[Task goal]
Determine how many of the lines below hold the word "Gold". Give the number and nothing else.

[Exercise input]
────────────────────

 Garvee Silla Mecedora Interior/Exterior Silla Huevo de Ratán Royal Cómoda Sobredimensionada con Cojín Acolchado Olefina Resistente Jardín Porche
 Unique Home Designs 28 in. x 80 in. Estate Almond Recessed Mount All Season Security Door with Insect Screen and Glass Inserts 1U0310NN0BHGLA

────────────────────

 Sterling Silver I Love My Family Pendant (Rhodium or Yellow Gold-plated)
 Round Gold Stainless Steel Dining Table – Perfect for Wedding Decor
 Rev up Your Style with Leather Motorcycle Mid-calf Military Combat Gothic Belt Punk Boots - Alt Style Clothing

────────────────────

[Exercise solution]
2